It doesn't matter in the least that you already have a breeder chosen... if you're interested in performance too, then watch that as well. You'll find the obedience classes usually across the building from conformation. Faux pas- don't say anything negative about any of the dogs in the ring, don't talk too loudly at all about anything actually... if you're sitting next to someone who seems willing to tell you what class is in, that's great, but if they have a dog in the ring don't interrupt their watching. Be sure to congratulate if they have a dog who wins it's class.
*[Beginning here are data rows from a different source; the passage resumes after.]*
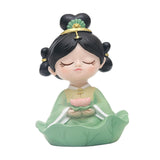 Maxbell Maxbell Girl Statue Resin Buddhist Girl Figurine for Cake Decoration Shelf Household Green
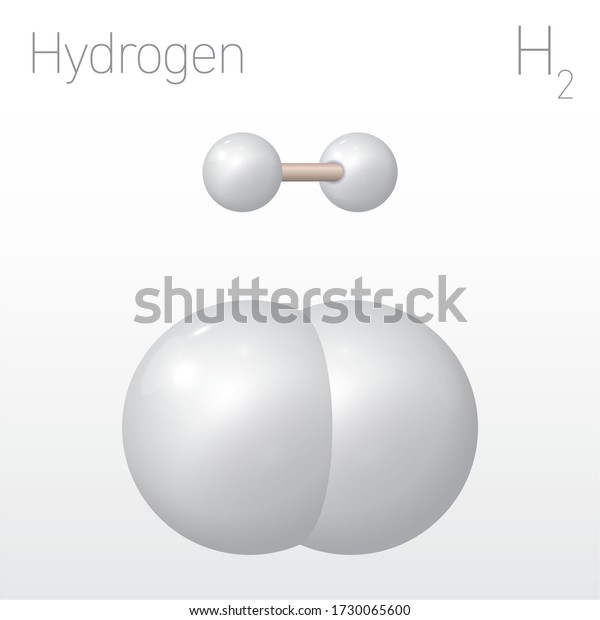 Hydrogen H2 Structural Chemical Formula Molecule Stock Vector Royalty Free 1730065600 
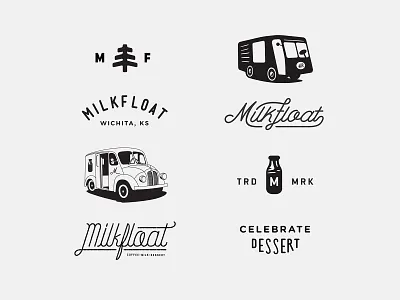 Milkfloat Coffee & Dessert Shop Logo Branding Illustration Ideas beverage branding coffee design dessert food fun graphic design identity label logo milk milkfloat packaging shop startup sweet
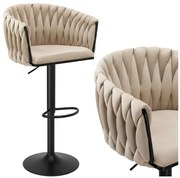 Barová stolička COFTON zamatová, béžová / čierna
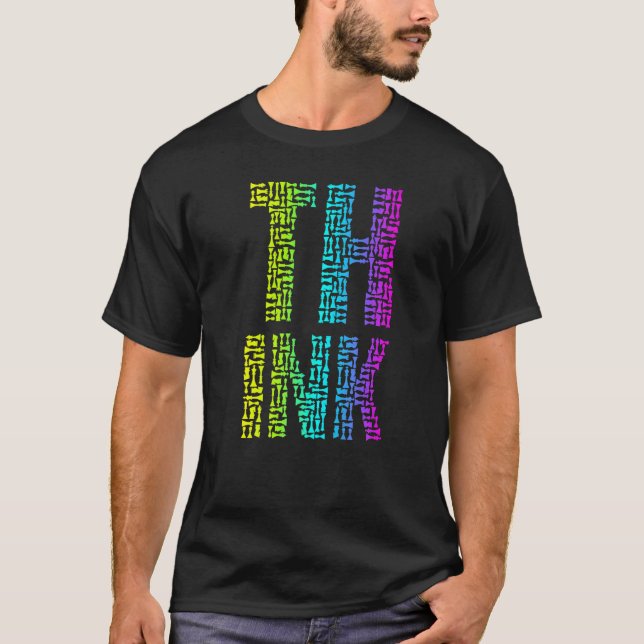 Think Chess Player Master Coach Pieces Text Mosaic T-Shirt (Front)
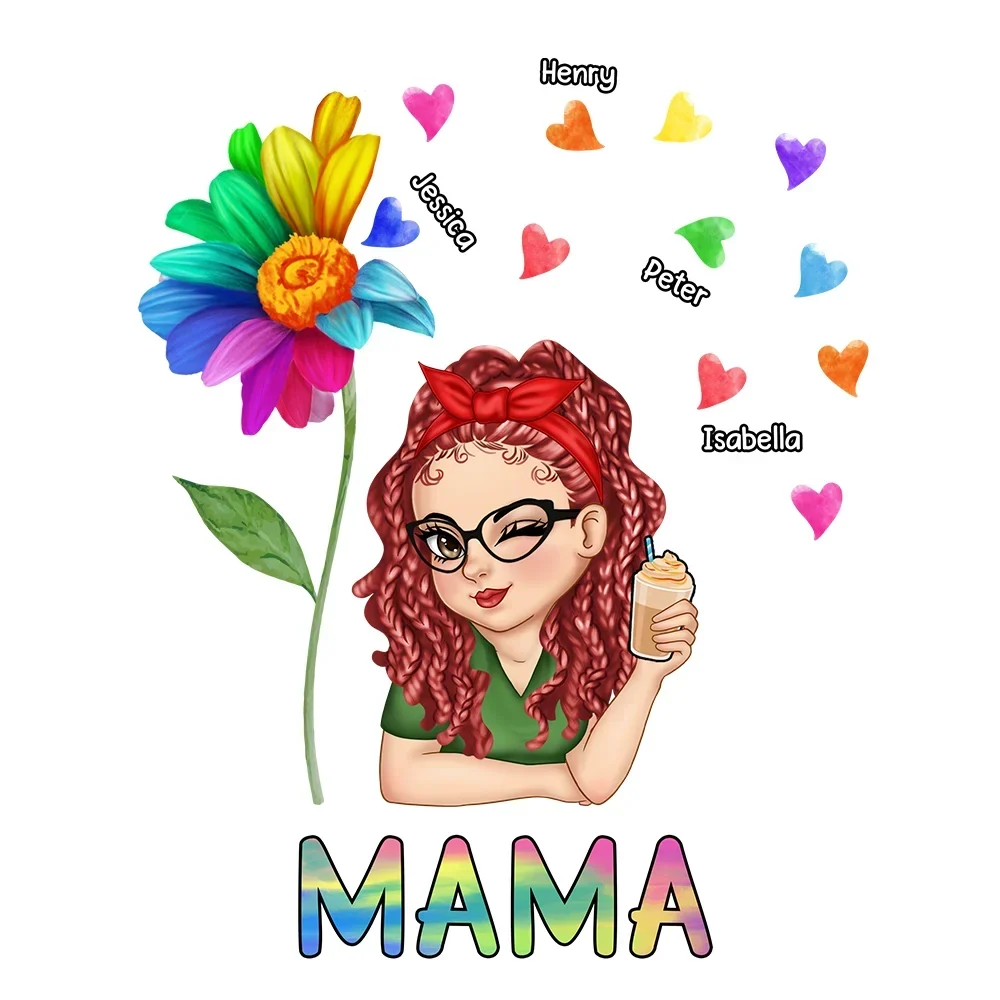 Grandma Sticker Decal, Personalized Winking Cartoon for a Car Window, Creative Family Gift with Colorful Hearts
Most people ringside will know the other people ringside- they can point folks out to you if you have a catalog and notice you really like a particular breeder's dogs... you'll have a great time I am sure. Kudos to you that you want to title your next dog in multiple arenas!!


----------



## Brave (Oct 26, 2012)

Prism Goldens said:


> It doesn't matter in the least that you already have a breeder chosen... if you're interested in performance too, then watch that as well. You'll find the obedience classes usually across the building from conformation. Faux pas- don't say anything negative about any of the dogs in the ring, don't talk too loudly at all about anything actually... if you're sitting next to someone who seems willing to tell you what class is in, that's great, but if they have a dog in the ring don't interrupt their watching. Be sure to congratulate if they have a dog who wins it's class. Most people ringside will know the other people ringside- they can point folks out to you if you have a catalog and notice you really like a particular breeder's dogs... you'll have a great time I am sure. Kudos to you that you want to title your next dog in multiple arenas!!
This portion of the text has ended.